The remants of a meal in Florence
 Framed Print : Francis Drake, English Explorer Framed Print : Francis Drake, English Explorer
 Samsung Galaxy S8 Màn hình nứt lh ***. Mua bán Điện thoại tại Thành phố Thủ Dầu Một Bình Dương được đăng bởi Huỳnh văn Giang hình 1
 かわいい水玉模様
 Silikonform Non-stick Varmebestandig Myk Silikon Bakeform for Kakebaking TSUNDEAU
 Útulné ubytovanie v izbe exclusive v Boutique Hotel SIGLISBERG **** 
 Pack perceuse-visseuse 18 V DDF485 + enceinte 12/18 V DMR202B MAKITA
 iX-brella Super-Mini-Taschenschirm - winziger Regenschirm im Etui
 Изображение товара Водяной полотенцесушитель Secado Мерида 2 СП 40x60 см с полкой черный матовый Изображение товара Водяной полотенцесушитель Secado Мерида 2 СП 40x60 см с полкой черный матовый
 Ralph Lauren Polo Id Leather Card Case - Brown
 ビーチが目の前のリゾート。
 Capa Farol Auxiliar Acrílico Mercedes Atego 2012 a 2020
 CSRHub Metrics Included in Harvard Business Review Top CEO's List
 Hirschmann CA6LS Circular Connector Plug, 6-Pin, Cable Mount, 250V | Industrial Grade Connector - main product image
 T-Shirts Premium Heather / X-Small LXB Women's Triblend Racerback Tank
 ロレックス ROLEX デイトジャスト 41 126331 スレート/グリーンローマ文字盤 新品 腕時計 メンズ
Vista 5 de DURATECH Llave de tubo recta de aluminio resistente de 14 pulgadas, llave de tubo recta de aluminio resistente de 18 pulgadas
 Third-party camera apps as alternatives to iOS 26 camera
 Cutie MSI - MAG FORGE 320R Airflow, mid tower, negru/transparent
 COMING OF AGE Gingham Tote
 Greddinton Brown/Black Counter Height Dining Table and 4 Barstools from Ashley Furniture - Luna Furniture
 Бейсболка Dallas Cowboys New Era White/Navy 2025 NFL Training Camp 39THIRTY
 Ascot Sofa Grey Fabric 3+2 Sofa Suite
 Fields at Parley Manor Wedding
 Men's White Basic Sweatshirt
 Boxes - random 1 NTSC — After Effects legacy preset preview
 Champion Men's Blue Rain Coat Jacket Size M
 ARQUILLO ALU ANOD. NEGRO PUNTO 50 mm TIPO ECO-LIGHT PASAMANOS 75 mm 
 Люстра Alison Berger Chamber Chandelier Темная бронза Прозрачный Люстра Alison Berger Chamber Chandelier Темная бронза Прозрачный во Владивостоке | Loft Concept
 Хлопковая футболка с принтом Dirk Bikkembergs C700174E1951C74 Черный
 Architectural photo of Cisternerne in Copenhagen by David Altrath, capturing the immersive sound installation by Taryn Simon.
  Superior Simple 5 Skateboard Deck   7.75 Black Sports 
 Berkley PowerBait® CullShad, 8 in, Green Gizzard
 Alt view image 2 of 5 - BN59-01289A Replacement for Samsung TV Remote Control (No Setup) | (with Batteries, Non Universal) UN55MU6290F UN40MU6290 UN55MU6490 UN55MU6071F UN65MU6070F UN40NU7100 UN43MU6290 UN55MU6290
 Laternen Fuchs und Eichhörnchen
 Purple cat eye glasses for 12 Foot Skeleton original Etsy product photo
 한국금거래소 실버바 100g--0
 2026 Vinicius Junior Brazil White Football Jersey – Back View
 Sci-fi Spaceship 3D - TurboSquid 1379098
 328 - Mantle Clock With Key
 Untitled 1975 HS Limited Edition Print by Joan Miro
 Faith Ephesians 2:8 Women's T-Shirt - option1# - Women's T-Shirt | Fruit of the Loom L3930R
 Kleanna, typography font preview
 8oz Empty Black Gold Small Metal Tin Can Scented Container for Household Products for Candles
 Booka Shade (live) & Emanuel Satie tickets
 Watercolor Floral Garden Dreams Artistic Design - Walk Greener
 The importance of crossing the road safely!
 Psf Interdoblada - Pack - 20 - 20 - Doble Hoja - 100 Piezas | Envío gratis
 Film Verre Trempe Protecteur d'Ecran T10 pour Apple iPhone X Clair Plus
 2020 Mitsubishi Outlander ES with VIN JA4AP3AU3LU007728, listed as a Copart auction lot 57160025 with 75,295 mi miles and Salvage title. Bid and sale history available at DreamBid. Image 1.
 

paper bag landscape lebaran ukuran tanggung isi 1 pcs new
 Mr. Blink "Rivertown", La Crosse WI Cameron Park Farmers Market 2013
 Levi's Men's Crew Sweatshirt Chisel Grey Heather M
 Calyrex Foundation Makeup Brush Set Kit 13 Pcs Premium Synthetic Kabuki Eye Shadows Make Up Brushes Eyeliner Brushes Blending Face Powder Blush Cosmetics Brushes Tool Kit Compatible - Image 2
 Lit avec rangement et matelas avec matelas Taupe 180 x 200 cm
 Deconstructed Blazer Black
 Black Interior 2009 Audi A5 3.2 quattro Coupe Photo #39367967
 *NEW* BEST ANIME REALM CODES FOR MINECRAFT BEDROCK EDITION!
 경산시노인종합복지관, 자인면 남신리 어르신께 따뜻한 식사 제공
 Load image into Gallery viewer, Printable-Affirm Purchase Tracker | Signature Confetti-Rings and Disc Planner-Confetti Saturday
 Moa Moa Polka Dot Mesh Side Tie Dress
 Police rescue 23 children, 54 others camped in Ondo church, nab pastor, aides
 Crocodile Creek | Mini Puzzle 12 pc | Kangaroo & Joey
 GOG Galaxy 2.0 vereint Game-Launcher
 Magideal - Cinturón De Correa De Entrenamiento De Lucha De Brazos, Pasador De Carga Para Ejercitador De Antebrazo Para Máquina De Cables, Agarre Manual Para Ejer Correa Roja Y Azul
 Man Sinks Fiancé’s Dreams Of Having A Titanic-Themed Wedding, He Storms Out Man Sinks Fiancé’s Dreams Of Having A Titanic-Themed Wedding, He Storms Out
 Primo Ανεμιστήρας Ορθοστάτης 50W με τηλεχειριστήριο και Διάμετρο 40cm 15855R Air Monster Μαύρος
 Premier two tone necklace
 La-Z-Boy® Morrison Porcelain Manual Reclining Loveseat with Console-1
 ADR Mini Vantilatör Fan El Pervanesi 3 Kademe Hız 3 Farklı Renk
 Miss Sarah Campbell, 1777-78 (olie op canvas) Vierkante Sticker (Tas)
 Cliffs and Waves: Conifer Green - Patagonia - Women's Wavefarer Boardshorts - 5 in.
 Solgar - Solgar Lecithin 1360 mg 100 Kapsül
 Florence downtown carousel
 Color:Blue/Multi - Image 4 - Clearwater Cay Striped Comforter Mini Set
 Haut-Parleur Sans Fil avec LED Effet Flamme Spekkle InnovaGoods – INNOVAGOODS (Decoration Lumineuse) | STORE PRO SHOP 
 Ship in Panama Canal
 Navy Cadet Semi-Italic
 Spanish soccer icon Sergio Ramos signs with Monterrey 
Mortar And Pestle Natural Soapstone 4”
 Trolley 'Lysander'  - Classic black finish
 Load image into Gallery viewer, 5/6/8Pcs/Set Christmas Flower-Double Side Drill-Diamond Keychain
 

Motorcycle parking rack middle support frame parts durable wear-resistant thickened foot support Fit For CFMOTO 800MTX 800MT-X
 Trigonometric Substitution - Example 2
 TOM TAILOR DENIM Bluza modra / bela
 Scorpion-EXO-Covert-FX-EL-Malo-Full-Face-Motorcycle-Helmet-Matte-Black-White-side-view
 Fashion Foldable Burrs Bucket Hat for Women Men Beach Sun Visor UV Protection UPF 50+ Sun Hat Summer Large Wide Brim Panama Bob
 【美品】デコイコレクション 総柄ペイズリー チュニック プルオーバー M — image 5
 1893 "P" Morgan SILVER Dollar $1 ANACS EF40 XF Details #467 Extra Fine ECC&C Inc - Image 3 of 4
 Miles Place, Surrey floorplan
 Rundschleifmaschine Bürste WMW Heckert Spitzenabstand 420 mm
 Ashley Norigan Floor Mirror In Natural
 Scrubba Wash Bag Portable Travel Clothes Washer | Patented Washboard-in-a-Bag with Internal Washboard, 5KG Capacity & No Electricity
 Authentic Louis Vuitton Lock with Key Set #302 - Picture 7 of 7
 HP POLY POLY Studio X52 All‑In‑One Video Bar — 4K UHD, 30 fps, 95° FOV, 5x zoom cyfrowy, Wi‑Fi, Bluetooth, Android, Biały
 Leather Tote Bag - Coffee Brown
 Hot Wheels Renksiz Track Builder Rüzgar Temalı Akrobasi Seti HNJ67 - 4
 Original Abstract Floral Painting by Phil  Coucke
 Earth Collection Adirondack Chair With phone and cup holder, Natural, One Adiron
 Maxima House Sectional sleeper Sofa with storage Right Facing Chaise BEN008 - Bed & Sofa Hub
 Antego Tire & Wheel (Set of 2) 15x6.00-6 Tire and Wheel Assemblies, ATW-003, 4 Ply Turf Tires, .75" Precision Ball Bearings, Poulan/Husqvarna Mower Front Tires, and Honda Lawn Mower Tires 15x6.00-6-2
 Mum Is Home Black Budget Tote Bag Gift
------------------------------------------------------------------------
INSTRUCTIONS FOR THE TASK
Return every line from the records above that holds the word "Women".

ANSWER BELOW
 T-Shirts Premium Heather / X-Small LXB Women's Triblend Racerback Tank
 Faith Ephesians 2:8 Women's T-Shirt - option1# - Women's T-Shirt | Fruit of the Loom L3930R
 Cliffs and Waves: Conifer Green - Patagonia - Women's Wavefarer Boardshorts - 5 in.
 Fashion Foldable Burrs Bucket Hat for Women Men Beach Sun Visor UV Protection UPF 50+ Sun Hat Summer Large Wide Brim Panama Bob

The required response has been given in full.